# AnimeGM - Style Transfer
GOAL: Generate new anime-style images

View model: `$ tensorboard --logdir=autoencoder`

Methodology:
1. Load the images and preprocess them to a consistent size, and shape
2. Build models for a, p, x using a pretrained model (VGG16)
3. Construct a placeholder array for style weights if the style layers
4. Extract feature representations to construct p and a, for each selected layer
5. Optimize with the BFGS algorithm

Important Functions:
1. Define a function to calculate the content loss
2. Define a function to calculate the style loss
3. Define a function to calculate the total loss
4. Define a function to calculate the gradient

### Imports

In [1]:
import tensorflow.contrib.keras.api.keras.backend as K
from tensorflow.contrib.keras.api.keras.applications import vgg19
import os
import matplotlib.pyplot as plt
import numpy as np
from scipy.misc import imresize, imsave
from scipy.optimize import fmin_l_bfgs_b
import seaborn as sns; sns.set()
import tensorflow as tf
%matplotlib inline

  from ._conv import register_converters as _register_converters


### Functions

In [2]:
def show_image(image, resize_dim):
    """Shows an image.
    image: image data to show.
    resize_dim: the number of pixels the image should be per size.
    """
    image = image.reshape((resize_dim, resize_dim, 3))

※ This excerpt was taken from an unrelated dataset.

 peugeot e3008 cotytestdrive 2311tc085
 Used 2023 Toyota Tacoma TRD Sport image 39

    plt.imshow(image, cmap='gray')
    plt.xticks([])
    plt.yticks([])
    plt.show()

In [3]:
def preprocess(img_path, resize_dim):
    # load the image from file system
    img = tf.keras.preprocessing.image.load_img(img_path)

    # convert it to an array
    img = tf.keras.preprocessing.image.img_to_array(img)

    # resize it
    img = imresize(img, (resize_dim, resize_dim, 3))

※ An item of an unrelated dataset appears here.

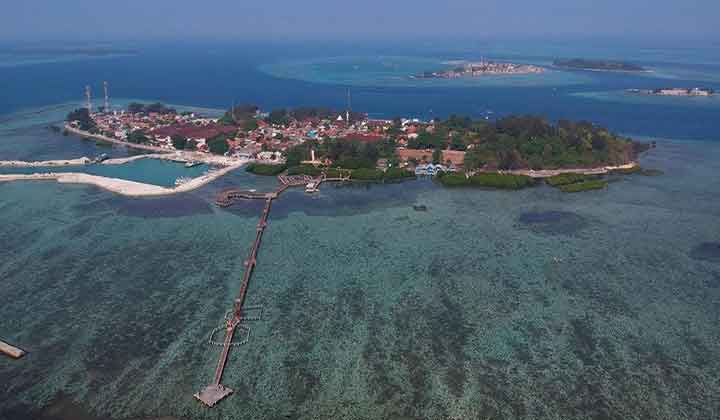 Keindahan Pulau Pramuka: Pemandangan indah Pulau Pramuka dengan laut yang jernih dan pasir putih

    # cast the image to a float64 
    img = img.astype('float32')
#     img = img.astype('float64')

    # add a batch number
    img = np.expand_dims(img, axis=0)

    # add the mean pixel values
    img = vgg19.preprocess_input(img)
    
    # show the image (it will be clipped)
    show_image(img, resize_dim)

    return img

In [4]:
def content_loss(content, gen):
    """get the Euclidean distance between outputs of more for the content 
    and generated image at a specific layer"""
    # why sum of squared errors?
    # why not the mean squared errors?
    return K.sum(K.square(gen - content))

In [5]:
def gram_matrix(x):
    """calculates the gram matrix.
    dot product of the flattened feature map and transposed 
    flatten feature map"""
    assert K.ndim(x) == 3
    features = K.batch_flatten(K.permute_dimensions(x, (2, 0, 1)))
    gram = K.dot(features, K.transpose(features))
    return gram    

In [6]:
def style_loss(style, gen, resize_dim, channels):
    """calculates the Euclidean distance between gram matrices of 
    the feature maps of the inputs"""
    assert K.ndim(style) == 3
    assert K.ndim(gen) == 3
    S = gram_matrix(style)
    G = gram_matrix(gen)
    size = resize_dim * resize_dim
    
    # divide by $ * size^2 * channels^2
    return K.sum(K.square(S - G) / (4. * (channels ** 2) * (size ** 2)))

In [7]:
def eval_loss_and_grads(x, f_output, resize_dim, channels):
    x = x.reshape((1, resize_dim, resize_dim, channels))
    outs = f_output([x])
    loss_value = outs[0]
    if len(outs[1:]) == 1:
        grad_values = outs[1].flatten().astype('float64')
    else: 
        grad_values = np.array(outs[1:]).flatten().astype('float64')
    return loss_value, grad_values

In [8]:
class Evaluator(object):
    def __init__(self):
        self.loss_value = None
        self.grads_value = None
        
    def loss(self, x):
        assert self.loss_value is None
        loss_value, grad_value = eval_loss_and_grads(x, f_output, resize_dim, channels)
        self.loss_value = loss_value
        self.grads_value = grad_value
        return self.loss_value
    
    def grads(self, x):
        assert self.loss_value is not None
        grads_values = np.copy(self.grads_value)
        self.loss_value = None
        self.grads_value = None
        return grads_values

In [9]:
def deprocess_image(img, resize_dim, channels):
    img = img.reshape((resize_dim, resize_dim, channels))
    
    # Remove zero-center by mean pixel
    img[:, :, 0] += 103.939
    img[:, :, 1] += 116.779
    img[:, :, 2] += 123.68
    # 'BGR'->'RGB'
    img = img[:, :, ::-1]
    img = np.clip(img, 0, 255).astype('uint8')
    return img

### Variables

In [10]:
# data dir
content_path = 'images/content.png'
style_path = 'images/style2.jpg'

# data manipulation
resize_dim = 128
channels = 3

In [11]:
# hyper parameters
content_weight = 0.5
style_weight = 0.5
iterations = 10
loss_iterations = 1000

## Configure GPUs

In [12]:
os.environ["CUDA_VISIBLE_DEVICES"]="0"

NameError: name 'os' is not defined

## 1. Load images
content image = p  
style image = a  
generated image = x

In [None]:
content_img = preprocess(content_path, resize_dim)
style_img = preprocess(style_path, resize_dim)

## Build the model

In [None]:
# load images into vars
content_img_var = K.variable(content_img)
style_img_var = K.variable(style_img)
gen_img = K.placeholder(shape=(1, resize_dim, resize_dim, 3))

# batch them all together
input_tensor = K.concatenate([content_img_var, style_img_var, gen_img], axis=0)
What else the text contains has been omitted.